An alternative approach to measuring species-specific calls is the use of acoustic indices, which are mathematical summaries of soundscape elements (Farina, 2019). Acoustic indices can be used to reveal large spatiotemporal trends in soundscapes and, potentially ecological condition or species diversity (Fuller et al., 2015; Tucker et al., 2014). For monitoring programs that aim to measure acoustic indices as proxies of biodiversity, the chosen measurement entities will necessarily be broad. They may comprise the overall soundscape in a defined unit of time or frequency band. In any case, the chosen measurement entities should be described and justified with reference, where possible, to species' vocal behaviors or underlying assumptions linking sound to ecological condition. In any monitoring context, poor survey design and reliance on unverified indices can create erroneous and apparently contradictory results (Alcocer et al., 2022; Hayward et al., 2015). To avoid these problems in acoustic surveys, the choice of acoustic measurement entities—whether specific calls or acoustic indices—is a critically important step in program design.

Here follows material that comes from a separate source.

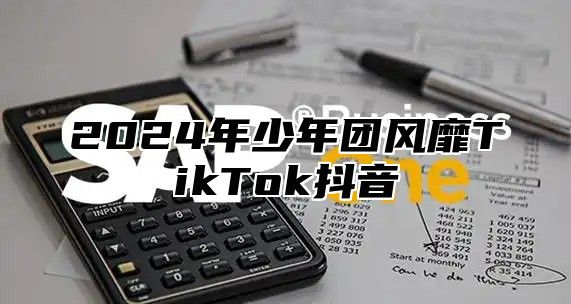 2025年少年团风靡TikTok抖音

Acoustic field surveys must be designed to appropriately capture the measurement entities to answer the defined objectives and questions. This must consider the sensor type, the sampling locations (hereafter, “sites”), including spatial coverage and representativeness, the number of sensors deployed per site, and the location of sensors within sites. All sensor types have their pros and cons, and these should be explicitly considered in the survey design. The emergence of low-cost sensors, such as the AudioMoth and HydroMoth (https://www.openacousticdevices.info/), has certainly improved the accessibility and affordability of acoustic monitoring (Hill et al., 2018; Lamont et al., 2022). However, these sensors come with trade-offs like shorter battery life and less sensitive microphones. For some projects, these trade-offs will be acceptable and will not outweigh the benefits of lower costs and higher spatial resolution by maximizing the number of deployed sensors. In other cases, it will be necessary to use sensors that are higher quality and have additional features but are more costly. The characteristics of the specific sound events (e.g., sound pressure level, amplitude, rarity in a soundscape) targeted in a program are central to these choices; if faint or infrequent calls are targeted, sensors with more sensitive microphones are likely needed.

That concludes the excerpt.